** Data in this exercise **
= Beginning of Section =

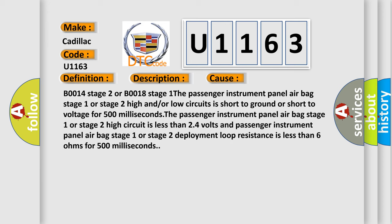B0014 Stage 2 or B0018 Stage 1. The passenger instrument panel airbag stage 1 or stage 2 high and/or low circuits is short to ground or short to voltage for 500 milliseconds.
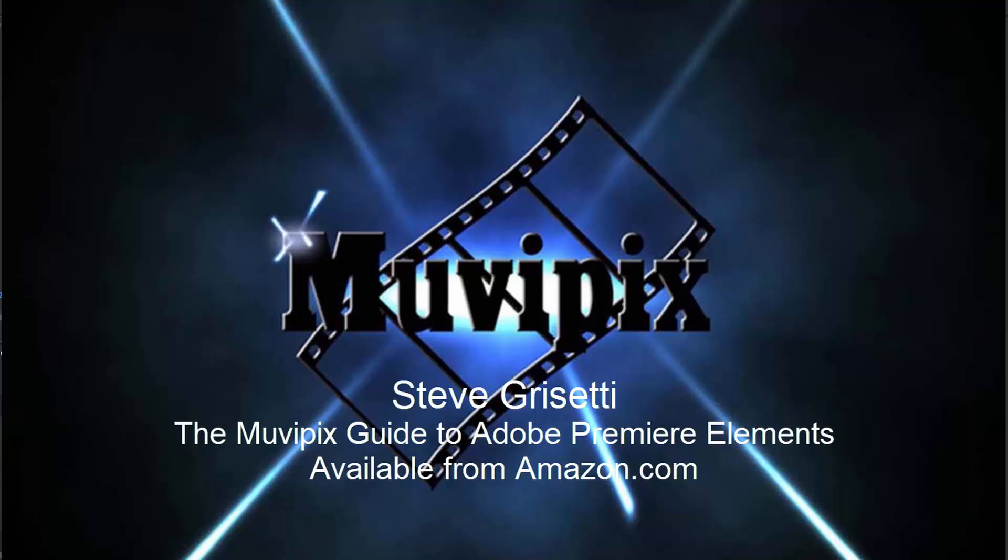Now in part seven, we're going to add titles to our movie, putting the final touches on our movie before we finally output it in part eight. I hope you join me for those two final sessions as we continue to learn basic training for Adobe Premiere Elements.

= End of Section =
= Beginning of Section =

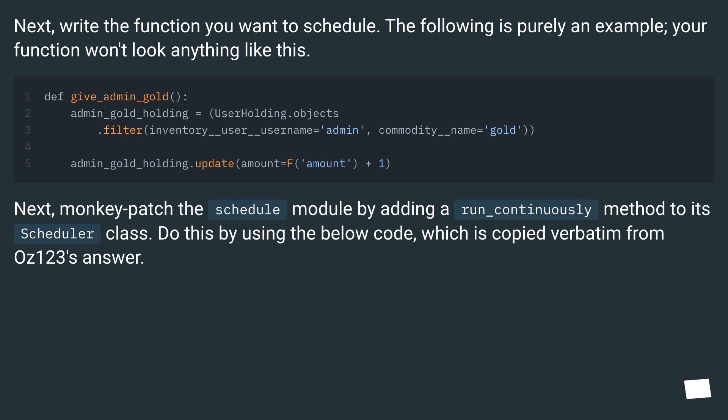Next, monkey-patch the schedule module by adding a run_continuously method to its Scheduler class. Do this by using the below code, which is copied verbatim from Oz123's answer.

= End of Section =
= Beginning of Section =

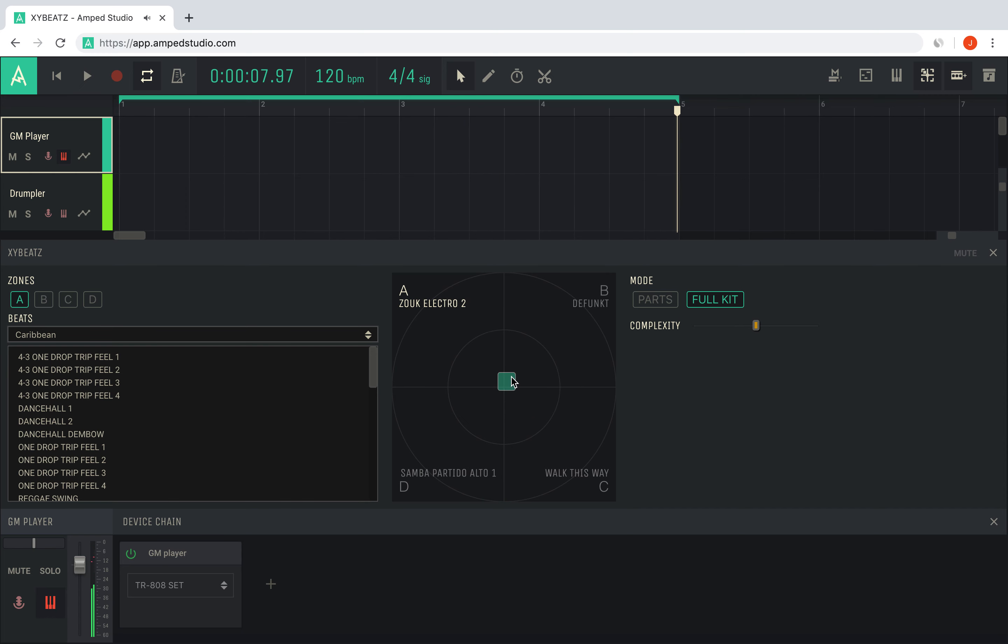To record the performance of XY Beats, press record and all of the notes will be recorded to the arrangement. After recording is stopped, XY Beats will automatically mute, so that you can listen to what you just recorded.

= End of Section =

** Task description **
From the line holding "B0014 Stage 2" to the line holding "Now in part", both included, retype the entries above exactly and drop the pictures.

** Solution **
B0014 Stage 2 or B0018 Stage 1. The passenger instrument panel airbag stage 1 or stage 2 high and/or low circuits is short to ground or short to voltage for 500 milliseconds.
Now in part seven, we're going to add titles to our movie, putting the final touches on our movie before we finally output it in part eight. I hope you join me for those two final sessions as we continue to learn basic training for Adobe Premiere Elements.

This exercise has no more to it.